--- Records shown Enclosed Below ---
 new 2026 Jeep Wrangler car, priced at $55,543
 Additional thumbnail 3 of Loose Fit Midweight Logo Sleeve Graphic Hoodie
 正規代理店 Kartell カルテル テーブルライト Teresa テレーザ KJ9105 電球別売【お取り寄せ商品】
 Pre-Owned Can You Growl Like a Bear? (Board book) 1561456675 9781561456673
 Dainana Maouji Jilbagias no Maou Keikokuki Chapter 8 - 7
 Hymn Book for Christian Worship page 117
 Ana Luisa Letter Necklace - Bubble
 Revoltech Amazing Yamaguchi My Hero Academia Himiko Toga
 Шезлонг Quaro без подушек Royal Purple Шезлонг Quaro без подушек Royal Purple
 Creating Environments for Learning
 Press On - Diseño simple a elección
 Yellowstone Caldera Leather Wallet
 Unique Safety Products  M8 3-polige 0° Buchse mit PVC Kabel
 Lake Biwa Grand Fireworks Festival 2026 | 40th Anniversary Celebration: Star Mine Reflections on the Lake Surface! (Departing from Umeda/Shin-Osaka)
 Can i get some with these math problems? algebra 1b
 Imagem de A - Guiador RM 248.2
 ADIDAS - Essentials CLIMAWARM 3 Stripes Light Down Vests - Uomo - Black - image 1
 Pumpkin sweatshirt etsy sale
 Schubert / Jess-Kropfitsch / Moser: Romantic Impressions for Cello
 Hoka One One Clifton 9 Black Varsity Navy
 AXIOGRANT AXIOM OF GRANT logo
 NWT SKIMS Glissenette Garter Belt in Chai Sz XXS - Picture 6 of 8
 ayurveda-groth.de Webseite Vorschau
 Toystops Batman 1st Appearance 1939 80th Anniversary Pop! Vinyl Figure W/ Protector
--- End of Enclosed Records shown ---
Description of the task ▸
Only the lines from the line with "Шезлонг Quaro без подушек Royal Purple Шезлонг" to the final line of the entries are to be returned, each exactly as written, both ends included.

Answer box ▸
 Шезлонг Quaro без подушек Royal Purple Шезлонг Quaro без подушек Royal Purple
 Creating Environments for Learning
 Press On - Diseño simple a elección
 Yellowstone Caldera Leather Wallet
 Unique Safety Products  M8 3-polige 0° Buchse mit PVC Kabel
 Lake Biwa Grand Fireworks Festival 2026 | 40th Anniversary Celebration: Star Mine Reflections on the Lake Surface! (Departing from Umeda/Shin-Osaka)
 Can i get some with these math problems? algebra 1b
 Imagem de A - Guiador RM 248.2
 ADIDAS - Essentials CLIMAWARM 3 Stripes Light Down Vests - Uomo - Black - image 1
 Pumpkin sweatshirt etsy sale
 Schubert / Jess-Kropfitsch / Moser: Romantic Impressions for Cello
 Hoka One One Clifton 9 Black Varsity Navy
 AXIOGRANT AXIOM OF GRANT logo
 NWT SKIMS Glissenette Garter Belt in Chai Sz XXS - Picture 6 of 8
 ayurveda-groth.de Webseite Vorschau
 Toystops Batman 1st Appearance 1939 80th Anniversary Pop! Vinyl Figure W/ Protector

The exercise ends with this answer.